Benefit Reduction

This post is by PaulL, a regular commentor and occasional contributor. It is the fourteenth post in a series on the financial incentives to work and the impacts of our tax and transfer system on household formation, and the seventh post on the “what could we do” subsection. The index to all posts in the series can be found here.

This post picks up a comment that many people have made. Reducing the benefit level would give the ability to reduce abatement rates without costing more or increasing the income levels at which people receive welfare.

If we reduce the benefit by 30% we can also reduce the abatement rate from 70% to 40% and still have the benefit cut out at about $40,000, about where it was before.  We can also reduce the family tax credits by 30%, and the abatement rate on those to 18% instead of 27%.

This makes the incentives to work below 20 hours very clear. The EMTR is 51% and after including the costs of working the net return to working is 47c in the dollar.

Childcare costs remain a problem after 20 hours of work.  If we again moved to a free child care package, and also pushed the abatement on accommodation supplement down to 15% (instead of 25%), and on family tax credits pushed abatement down to 15%, then we get the following graph.

We get a reasonable curve, with EMTR as high as 60% above 30 hours as the family tax credits and accommodation supplement abate.

As with some of the other analysis, accommodation supplement is a problem because it’s abating over the same income range as the family tax credits are, giving high marginal rates for those in receipt of accommodation supplement.

This is largely a reduction, and whilst we’ve adjusted abatement rates it is unlikely to offset that reduction. Therefore this would be net positive to the government budget, perhaps by $0.5 billion a year or more.

The problem is that we also reduced household income for this family substantially. When entirely benefit supported they’ve gone down from $703 a week to $564 a week, a reduction of 20% per week.

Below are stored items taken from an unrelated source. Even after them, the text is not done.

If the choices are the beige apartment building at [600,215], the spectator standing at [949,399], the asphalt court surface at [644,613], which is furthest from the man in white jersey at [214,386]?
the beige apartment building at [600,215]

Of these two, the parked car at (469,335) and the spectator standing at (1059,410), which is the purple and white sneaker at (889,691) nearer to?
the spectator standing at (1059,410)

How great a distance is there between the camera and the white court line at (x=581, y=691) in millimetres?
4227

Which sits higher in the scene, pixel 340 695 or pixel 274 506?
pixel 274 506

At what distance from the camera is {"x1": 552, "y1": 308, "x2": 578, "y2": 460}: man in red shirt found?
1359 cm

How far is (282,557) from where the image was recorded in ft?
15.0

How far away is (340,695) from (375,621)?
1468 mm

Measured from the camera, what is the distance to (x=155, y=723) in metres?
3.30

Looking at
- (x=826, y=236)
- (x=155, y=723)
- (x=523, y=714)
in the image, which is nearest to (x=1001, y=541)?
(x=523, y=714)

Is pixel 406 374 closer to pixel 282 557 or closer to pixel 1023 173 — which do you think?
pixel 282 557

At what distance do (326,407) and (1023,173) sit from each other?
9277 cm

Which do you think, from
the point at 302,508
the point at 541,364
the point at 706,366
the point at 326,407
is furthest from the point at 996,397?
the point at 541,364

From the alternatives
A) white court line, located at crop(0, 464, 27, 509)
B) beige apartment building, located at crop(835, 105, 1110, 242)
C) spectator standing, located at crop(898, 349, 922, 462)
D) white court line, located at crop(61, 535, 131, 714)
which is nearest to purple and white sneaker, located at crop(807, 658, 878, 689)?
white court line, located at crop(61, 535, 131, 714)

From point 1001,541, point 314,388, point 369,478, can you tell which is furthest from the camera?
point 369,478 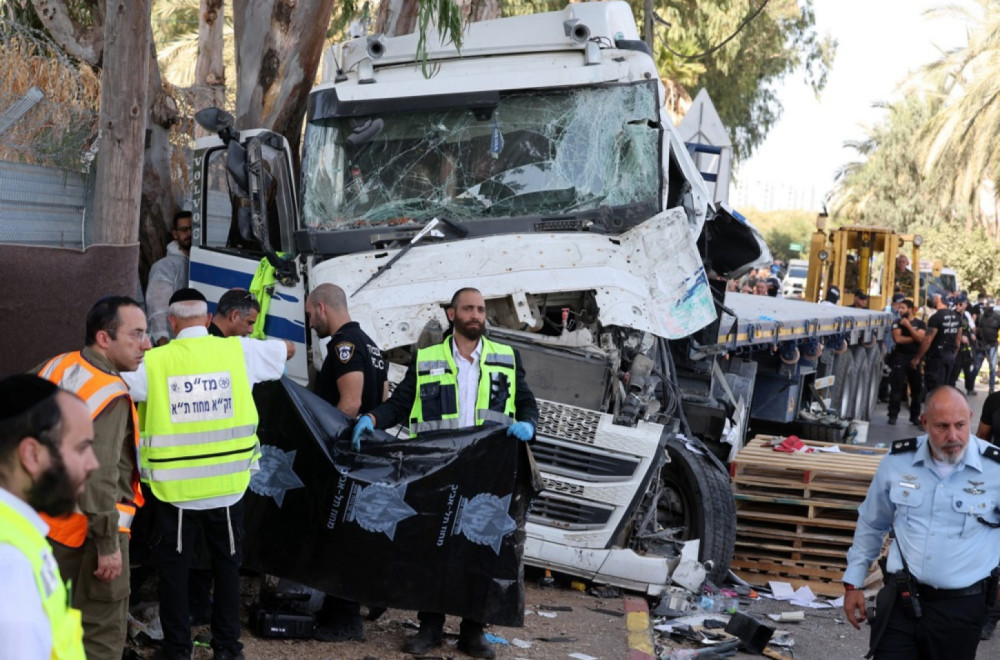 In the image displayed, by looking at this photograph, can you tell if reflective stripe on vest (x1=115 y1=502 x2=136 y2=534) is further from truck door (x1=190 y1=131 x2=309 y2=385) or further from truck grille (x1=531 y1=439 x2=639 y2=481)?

The current political discourse has substantial focus on children living in poverty. The government benefit package in February 2022 claimed to lift 66,000 children out of poverty.

This change would more than reverse that package. Logically, therefore, it would put at least 66,000 children back into poverty. 

In my opinion, a) I don’t think that’s a good idea, and b) I don’t believe that would be politically feasible for any party. In short if any party were to take this policy to the election my prediction is that they would be unable to win a majority, and that it would be remembered for at least 10 years, preventing them from getting elected for at least that long.